PaperManager

Ingesting Papers

PaperManager supports three ways to add papers to your library.

PDF Upload

Drag a PDF onto the Library page or click the + button → PDF tab.

What Happens Automatically

The upload follows a multi-step pipeline:

flowchart TD
    A[📄 PDF uploaded] --> B[Extract text with Docling]
    B --> C{DOI / arXiv ID\nin text?}
    C -->|Yes| D[Semantic Scholar API]
    D -->|Not found| E[CrossRef API]
    C -->|No title found| F[Ollama LLM on first 3 000 chars]
    F -->|Ollama unavailable| G[Regex heuristics]
    D --> H[Confirmation modal]
    E --> H
    F --> H
    G --> H
    H -->|User confirms| I[Upload PDF to Google Drive]
    I --> J[Create Paper node in Neo4j]
    J --> K[Generate AI summary — Claude Opus]
    K --> L[Suggest topics — Claude Haiku]
    L --> M[Extract references]
    M --> N[Extract figures from PDF]
    N --> O[✅ Paper ready in library]

After choosing a PDF you walk through up to five optional steps (each can be toggled in Settings):

Metadata confirmation — review extracted title, year, authors, DOI, venue; fix any errors
Source — record how you found this paper (person, LinkedIn, Twitter, conference, newsletter…)
Summary prompt — edit the Claude prompt before the AI summary is generated
References review — approve which references to save as CITES links
Tags — review AI-suggested tags before saving

Option	Default	Description
Source step	on	Record how you found the paper
Summary prompt step	on	Edit the AI summary instructions
Auto-save references	off	Skip review and save all references automatically
Tags step	on	Review AI-suggested tags before saving

Metadata Source Badge

After upload each paper card shows a colour-coded badge:

Colour	Source
🟢 Green	Semantic Scholar or CrossRef
🟡 Yellow	Ollama LLM extraction
🔴 Red	Heuristic guess

URL / DOI Ingest

Click + → URL / DOI tab.
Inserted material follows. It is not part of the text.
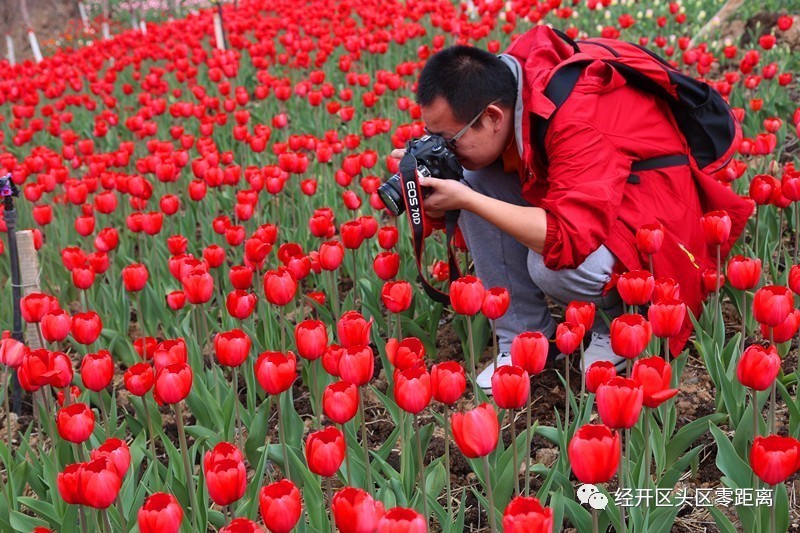 荷兰郁金香运到中国的路线,荷兰郁金香从哪来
Paste any of:

Input format	Example
arXiv URL	`https://arxiv.org/abs/1706.03762`
arXiv ID	`1706.03762` or `arXiv:1706.03762`
DOI URL	`https://doi.org/10.1038/nature14539`
Bare DOI	`10.1038/nature14539`
PubMed URL	`https://pubmed.ncbi.nlm.nih.gov/12345678/`
bioRxiv URL	`https://www.biorxiv.org/content/10.1101/...`
medRxiv URL	`https://www.medrxiv.org/content/10.1101/...`

What Happens

The URL/ID is parsed to detect the source type
Metadata is fetched from the appropriate API (arXiv Atom, Semantic Scholar, CrossRef, PubMed eUtils, bioRxiv)
If a DOI is found, Semantic Scholar is queried for richer data (citation count, affiliations, topics)
Paper is auto-tagged from-url
No PDF is stored — the paper is metadata-only

!!! note To get a PDF for a URL-ingested paper, open the Paper Detail page and click Upload PDF.

Bulk Import

Go to Bulk Import in the nav bar. Upload or paste a JSON file:

{
  "fetch_pdf": true,
  "project_id": "optional-project-uuid",
  "papers": [
    {"url": "https://arxiv.org/abs/1706.03762"},
    {"arxiv": "1810.04805"},
    {"doi": "10.1038/nature14539"},
    {"url": "https://pubmed.ncbi.nlm.nih.gov/30082513/"},
    {"title": "AlphaFold protein structure prediction"},
    {"title": "CRISPR-Cas9 genome editing", "fetch_pdf": false}
  ]
}

Each entry needs at least one of: url, arxiv, doi, title. Formats can be mixed freely.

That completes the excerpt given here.